Task goal: Make an exact copy of all the entries, with the pictures left out.

(Short descriptive text snippets)
-=-=-

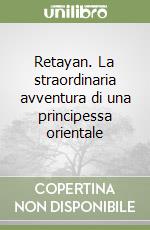 Retayan. La straordinaria avventura di una principessa orientale libro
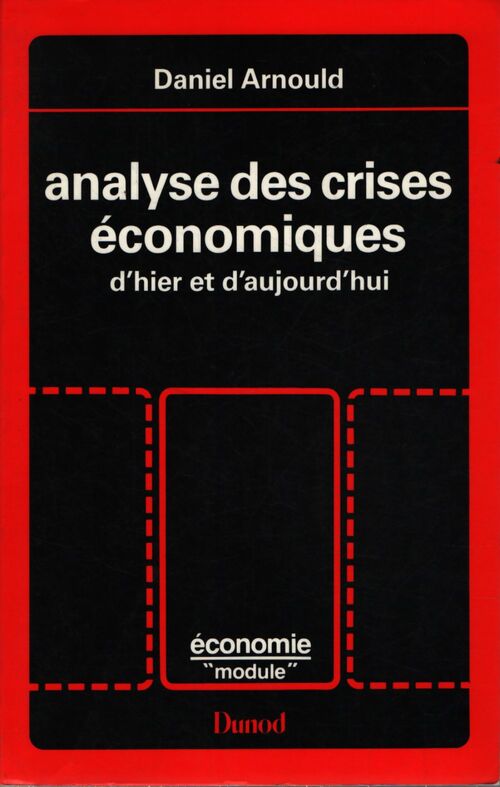 Analyse des crises économiques d'hier et d'aujourd'hui - Daniel Arnould - Livre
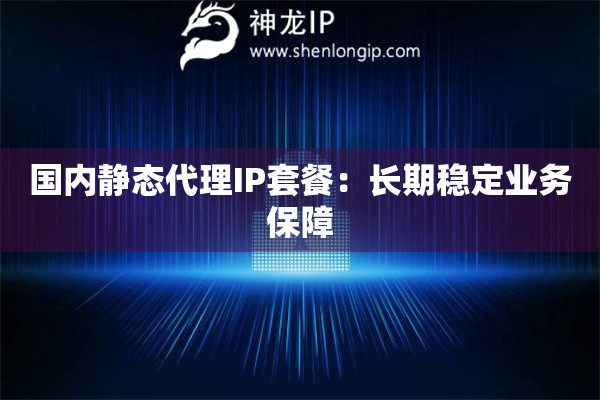 國(guó)內(nèi)靜態(tài)代理IP套餐：長(zhǎng)期穩(wěn)定業(yè)務(wù)保障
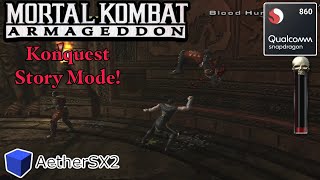 Mortal Kombat Armageddon quotKonquest Modequot Ps2 on Mobile  AetherSx2 Emulator  Snapdragon 860 [upl. by Achilles]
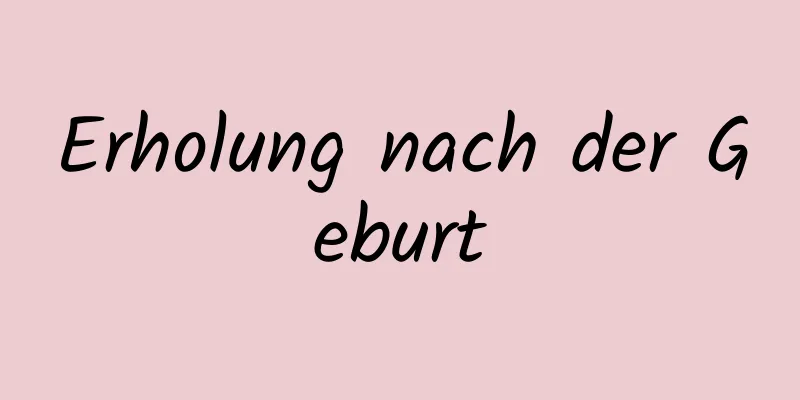 Erholung nach der Geburt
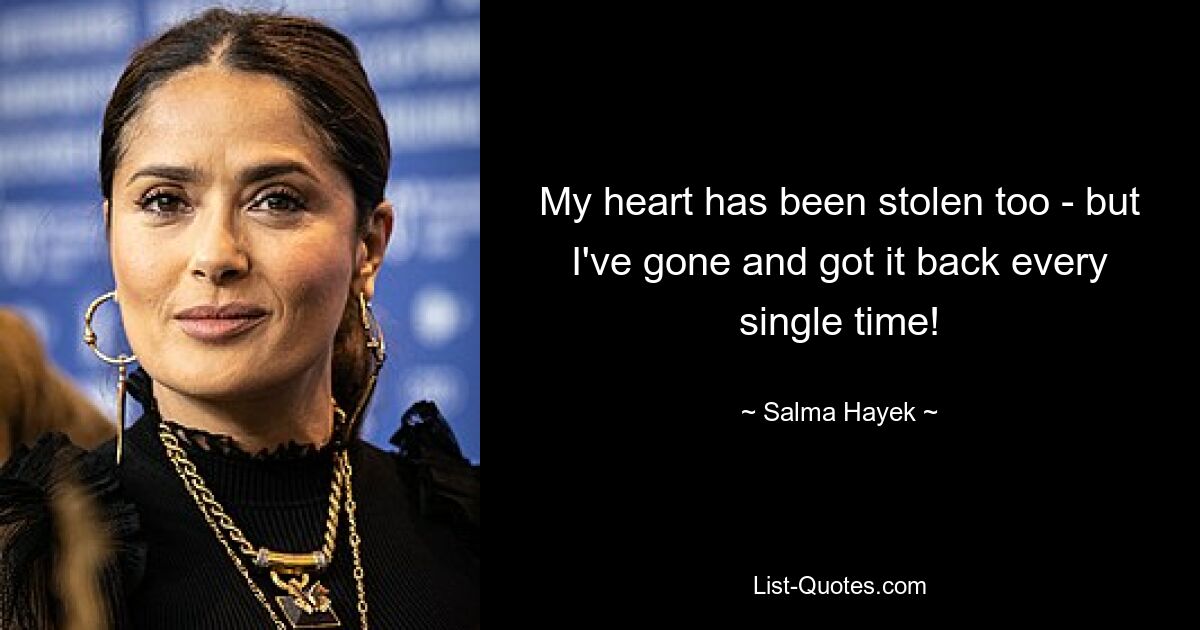 My heart has been stolen too - but I've gone and got it back every single time! — © Salma Hayek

-=-=-

Solution below:
 Retayan. La straordinaria avventura di una principessa orientale libro
 Analyse des crises économiques d'hier et d'aujourd'hui - Daniel Arnould - Livre
 國(guó)內(nèi)靜態(tài)代理IP套餐：長(zhǎng)期穩(wěn)定業(yè)務(wù)保障
 Mortal Kombat Armageddon quotKonquest Modequot Ps2 on Mobile  AetherSx2 Emulator  Snapdragon 860 [upl. by Achilles]
 Erholung nach der Geburt
 My heart has been stolen too - but I've gone and got it back every single time! — © Salma Hayek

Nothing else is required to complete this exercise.